[Caption-style text data]

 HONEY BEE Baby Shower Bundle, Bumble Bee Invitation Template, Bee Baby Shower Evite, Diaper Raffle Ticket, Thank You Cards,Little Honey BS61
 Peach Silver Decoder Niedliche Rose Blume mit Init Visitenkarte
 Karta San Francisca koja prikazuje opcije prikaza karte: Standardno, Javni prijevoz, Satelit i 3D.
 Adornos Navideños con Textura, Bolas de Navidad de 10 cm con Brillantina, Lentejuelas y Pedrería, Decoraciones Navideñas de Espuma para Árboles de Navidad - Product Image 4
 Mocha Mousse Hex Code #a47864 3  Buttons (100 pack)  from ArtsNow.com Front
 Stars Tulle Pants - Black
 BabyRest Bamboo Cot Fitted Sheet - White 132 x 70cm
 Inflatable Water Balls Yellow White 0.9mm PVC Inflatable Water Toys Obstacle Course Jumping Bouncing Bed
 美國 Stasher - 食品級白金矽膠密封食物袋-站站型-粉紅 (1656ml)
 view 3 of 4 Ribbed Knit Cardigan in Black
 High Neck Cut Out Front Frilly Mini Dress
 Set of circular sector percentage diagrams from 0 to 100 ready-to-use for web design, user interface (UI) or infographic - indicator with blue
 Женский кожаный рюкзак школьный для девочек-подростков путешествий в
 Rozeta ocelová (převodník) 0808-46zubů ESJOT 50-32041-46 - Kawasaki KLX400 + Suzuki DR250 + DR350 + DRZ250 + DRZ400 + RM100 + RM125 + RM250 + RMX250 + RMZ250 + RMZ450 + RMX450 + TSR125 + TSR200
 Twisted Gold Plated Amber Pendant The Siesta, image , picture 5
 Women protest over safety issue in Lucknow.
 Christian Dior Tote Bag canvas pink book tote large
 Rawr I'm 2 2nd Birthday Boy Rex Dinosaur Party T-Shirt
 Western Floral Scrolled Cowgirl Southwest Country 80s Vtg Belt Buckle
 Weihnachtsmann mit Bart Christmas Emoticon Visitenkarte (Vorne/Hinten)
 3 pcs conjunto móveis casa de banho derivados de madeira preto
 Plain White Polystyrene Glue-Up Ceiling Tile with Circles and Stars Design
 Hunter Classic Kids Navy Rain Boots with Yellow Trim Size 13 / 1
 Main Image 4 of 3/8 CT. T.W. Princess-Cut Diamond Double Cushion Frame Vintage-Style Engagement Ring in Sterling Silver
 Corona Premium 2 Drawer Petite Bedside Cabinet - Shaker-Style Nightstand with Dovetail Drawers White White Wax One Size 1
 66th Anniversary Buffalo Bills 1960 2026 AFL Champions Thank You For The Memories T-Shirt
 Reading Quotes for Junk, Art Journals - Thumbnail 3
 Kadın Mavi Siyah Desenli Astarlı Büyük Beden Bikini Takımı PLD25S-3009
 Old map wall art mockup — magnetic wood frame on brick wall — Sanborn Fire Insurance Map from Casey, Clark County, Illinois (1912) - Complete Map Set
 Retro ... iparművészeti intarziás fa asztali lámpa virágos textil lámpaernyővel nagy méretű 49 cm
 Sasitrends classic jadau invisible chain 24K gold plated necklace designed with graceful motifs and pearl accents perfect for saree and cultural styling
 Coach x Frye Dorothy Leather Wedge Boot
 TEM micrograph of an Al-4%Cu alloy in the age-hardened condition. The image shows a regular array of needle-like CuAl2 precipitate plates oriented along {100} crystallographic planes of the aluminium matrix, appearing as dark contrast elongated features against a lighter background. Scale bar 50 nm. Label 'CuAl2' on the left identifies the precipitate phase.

Task requirements — Send back an exact copy of only the lines from the line with "Inflatable Water Balls" up to and including the line with "Женский кожаный рюкзак" in the data above.

Your response —
 Inflatable Water Balls Yellow White 0.9mm PVC Inflatable Water Toys Obstacle Course Jumping Bouncing Bed
 美國 Stasher - 食品級白金矽膠密封食物袋-站站型-粉紅 (1656ml)
 view 3 of 4 Ribbed Knit Cardigan in Black
 High Neck Cut Out Front Frilly Mini Dress
 Set of circular sector percentage diagrams from 0 to 100 ready-to-use for web design, user interface (UI) or infographic - indicator with blue
 Женский кожаный рюкзак школьный для девочек-подростков путешествий в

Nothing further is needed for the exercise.